3. After dismissal: complete the finishing work, don't leave your tail

The delivery of the termination notice and the completion of payment do not mean the end of the labor relationship. Any oversight in the closing stage could lead to new controversy.

1. Issuance of the "Certificate of Termination of Labor Contract" (Certificate of Resignation) on the same day


  • On the day of termination of the labor contract, a resignation certificate must be issued to the employee, which is a legal obligation;
  • The content of the resignation certificate must comply with the law, only write the term of the labor contract, the date of termination, the job position, and the number of years of work, and absolutely not write negative evaluations, such as "the employee was dismissed for violating discipline" and "poor work ability", otherwise the employee will be liable for compensation if it causes losses such as being unable to join the new company.
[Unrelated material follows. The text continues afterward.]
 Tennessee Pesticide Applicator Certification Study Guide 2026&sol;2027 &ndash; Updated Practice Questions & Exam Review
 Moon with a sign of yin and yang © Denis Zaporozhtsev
2. Complete the social security and file transfer procedures within 15 days


  • Within 15 days, go through the procedures for social security suspension and housing provident fund sealing/transfer for employees;
  • If the employee has files stored in the company, the file transfer procedures shall be handled for the employee within 15 days, and the employee's file and social security must not be detained, otherwise the employee shall be fully compensated if the loss is caused.


3. Complete the handover of work and keep the handover record


  • Supervise employees to complete all work handovers, including company property, documents, project progress, customer information, etc., and after the handover is completed, both parties sign the "Work Handover Confirmation Form", making it clear that there is no objection to the handover;
  • Note: Employees' wages and economic compensation cannot be withheld on the grounds that "the employee has not completed the work handover" unless the two parties clearly agree on the order of handover and payment in the agreement.
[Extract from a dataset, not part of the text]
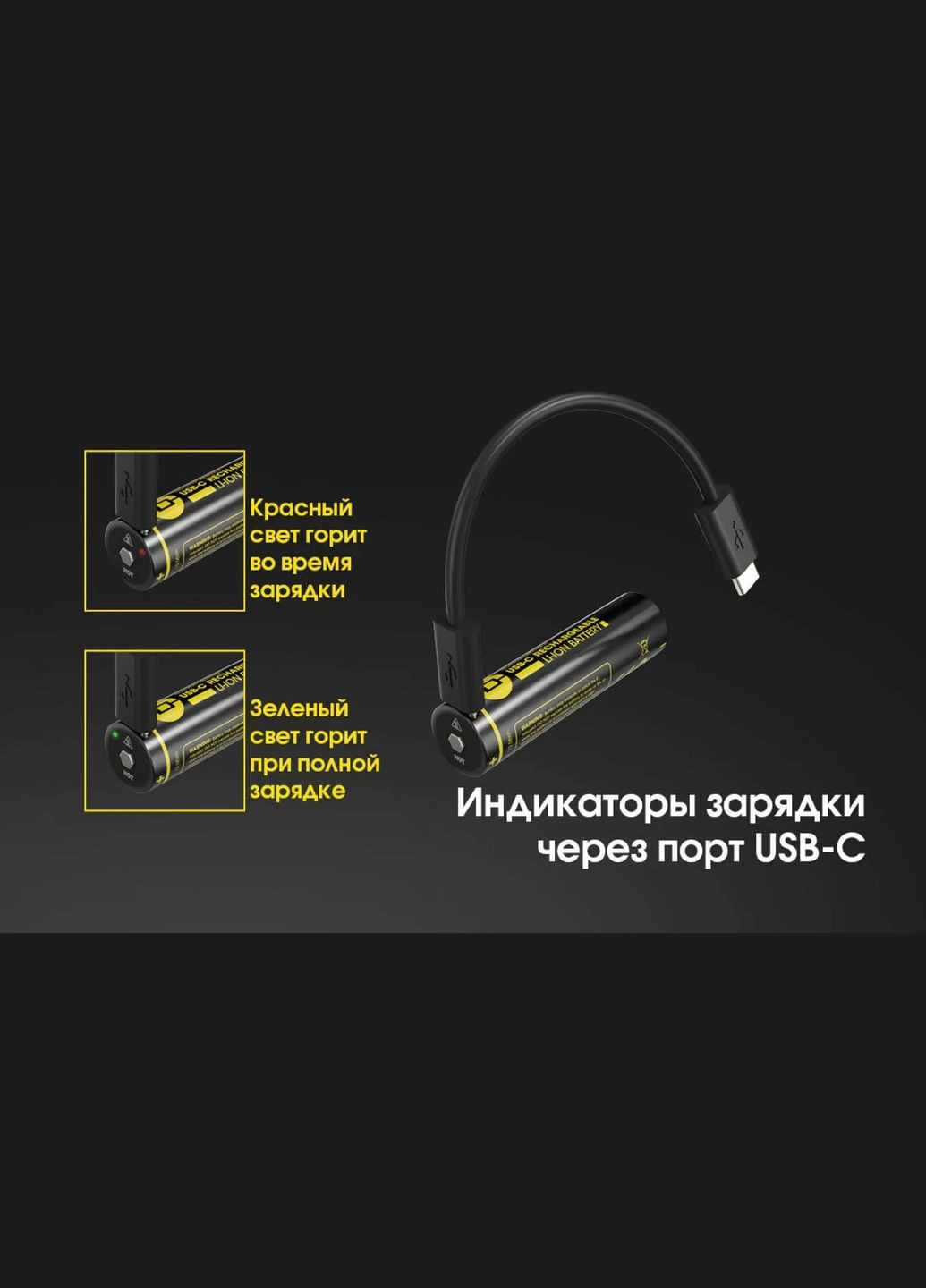 Акумулятор 18650 NL1834R 3400mAh 3.7V Li-Ion із зарядкою від USB-C (Чорний) Nitecore (336380928)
4. Archive the whole process of data and keep it for at least 2 years


  • All materials in the whole process of dismissal, including labor contracts, employee handbooks, rules and regulations, evidence of disciplinary violations, assessment records, termination notices, express delivery slips, negotiated termination agreements, work handover forms, audio and video recordings, etc., are all sorted out and archived.
  • The statute of limitations for applying for arbitration in labor disputes is 1 year, and relevant materials should be retained for at least 2 years in case of emergencies.
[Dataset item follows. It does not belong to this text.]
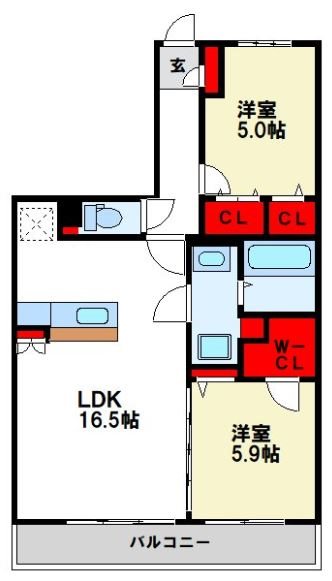 ハッピネス若葉台Ⅱ 間取り　※現状優先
4. Ultimate prevention: avoid dismissal disputes from the source

The best dismissal risk prevention and control is never "how to legally dismiss employees", but "how to standardize management and avoid reaching the step of dismissal". Do these 4 things well to reduce dismissal disputes by 90% from the source:


  1. System first: Before joining the company, improve the "Employee Handbook", "Attendance Management System", "Performance Appraisal System" and "Reward and Punishment Management System", and complete the democracy + publicity procedure, so that every employee can sign and confirm receipt;
  2. Onboarding check: When joining the company, confirm the written employment conditions and job competency standards with the employee, write it into the labor contract or job description, and let the employee sign and confirm;
  3. Daily traces: attendance, assessment, and disciplinary violation handling, all written records should be made and asked by employees to sign and confirm. When employees violate discipline or fail to meet standards, deal with them in a timely manner, send written warnings and demerit penalties in a timely manner, so as to avoid difficulties in determining facts caused by accumulated accounts afterwards.
  4. Professional coverage: When dealing with complex or high-risk personnel such as senior managers, "phase three" female employees, work-related injured employees, and group layoffs, it is recommended to consult a professional labor lawyer before initiating the procedure. By paying relatively limited consulting costs, avoid high compensation and legal disputes caused by improper operation.